Early experience with simultaneous double equipe laparoscopic proctectomy and J-pouch reconstruction with trans anal mini-invasive approach for ulcerative colitis
Original Article

Early experience with simultaneous double equipe laparoscopic proctectomy and J-pouch reconstruction with trans anal mini-invasive approach for ulcerative colitis

Serena Perotti, Michela Mineccia, Paolo Massucco, Federica Gonella, Nadia Russolillo, Alessandro Ferrero

Department of General and Oncological Surgery, Mauriziano Hospital, Turin, Italy

Contributions: (I) Conception and design: S Perotti; (II) Administrative support: All authors; (III) Provision of study material or patients: All authors; (IV) Collection and assembly of data: S Perotti, F Gonella; (V) Data analysis and interpretation: M Mineccia, S Perotti; (VI) Manuscript writing: All authors; (VII) Final approval of manuscript: All authors.

Correspondence to: Serena Perotti, MD. Umberto I Mauriziano Hospital, Largo Turati 62, 10128 Turin, Italy. Email: sperotti@mauriziano.it.

Background: Ileal pouch-anal anastomosis (IPAA) is the standard treatment for ulcerative colitis (UC). The advantages of laparoscopic minimally invasive surgery have been widely described for different abdominal procedures. The aim of the study was to evaluate short terms outcomes of simultaneous double equipe laparoscopic proctectomy and J-pouch reconstruction with trans anal (ta) mini-invasive approach IPAA in patients with UC.

Methods: Twelve consecutive patients with UC who underwent simultaneous laparoscopic proctectomy and ta-IPAA between January 2018 and December 2019 were analyzed. All patients were included in the enhanced recovery after surgery (ERAS) program and scheduled for a two or three-staged IPAA according to the general conditions. The ta-IPAA was performed with a laparoscopic abdominal approach combined with a ta proctectomy performed by two teams who worked simultaneously.

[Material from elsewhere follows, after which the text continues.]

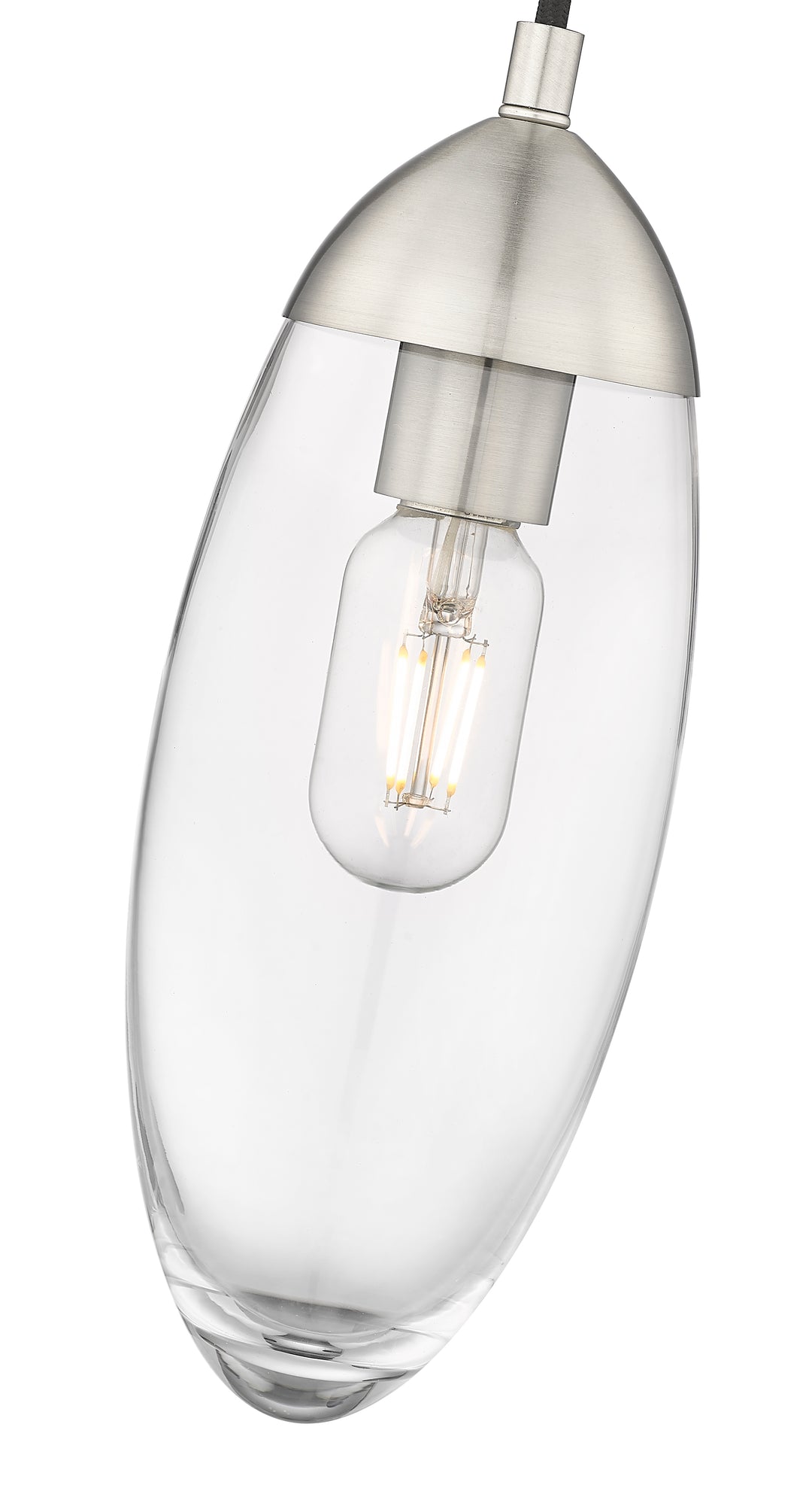 Arden - 1 Light Pendant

Results: The cohort consisted of 9 males and 3 females, with a median age of 46 years (range, 19–65 years). Indications to surgery were refractory to corticosteroids in 9 patients and/or diagnosis of extensive dysplasia-associated lesion and mass in 4 patients. The median body mass index (BMI) was 23.1 kg/m2 (range, 18.0–32.0 kg/m2). The median illness time was 5.1 years. Disease extension was mainly grade 2 (4 patients) or 3 (6 patients) according to Montreal classification. All patients received preoperatively corticosteroids therapy whilst 4 patients were treated with biologic drugs. The median surgical time was 271 min (range, 150–435 min). No conversion to open surgery occurred. The 28-mm circular stapler was the most common used for the double purse-string anastomosis (6 patients). The median estimated blood loss was 70 mL (0–200 mL). Mortality was nil. Median comprehensive complication index was 8.5 (range, 0–33.7). Overall morbidity was 33.3% (4 patients). Two patients developed major complications, one of them required re-intervention for anastomosis leakage treated with placement of ta stiches and the other one developed abdominal bleeding treated conservatively. Median hospital stay was 7.8 days (range, 5.0–18.0 days).

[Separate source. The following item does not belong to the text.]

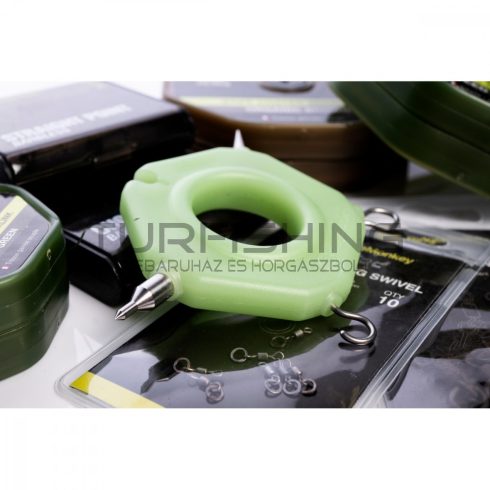 RIDGEMONKEY MULTISZERSZÁM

Conclusions: Our preliminary results confirmed the safety and efficacy of simultaneous double equipe laparoscopic proctectomy and J-pouch reconstruction with ta mini-invasive approach in patients with UC.

Keywords: Ulcerative colitis (UC); laparoscopy; ileal pouch-anal anastomosis (IPAA); mini-invasive approach; laparoscopic proctectomy


Received: 05 February 2021; Accepted: 26 November 2021; Published: 25 January 2022.

doi: 10.21037/ls-2020-01


Video 1 Laparoscopic proctectomy and J-pouch reconstruction with trans anal mini-invasive approach for ulcerative colitis.

Introduction

The optimal treatment strategy for ulcerative colitis (UC) is still a challenge. In the last years have been many improvements in both surgical and gastroenterological fields (1). The medical treatment of UC patients has been improved, resulting in postponed surgery (2). However, a significant proportion of patients require surgery with a cumulative risk that increases with the years of illness up to 15% (3). Those patients require a proctocolectomy with an ileal pouch anal anastomosis performed generally with a staged procedure. However, it is still debated what is the best surgical approach (4).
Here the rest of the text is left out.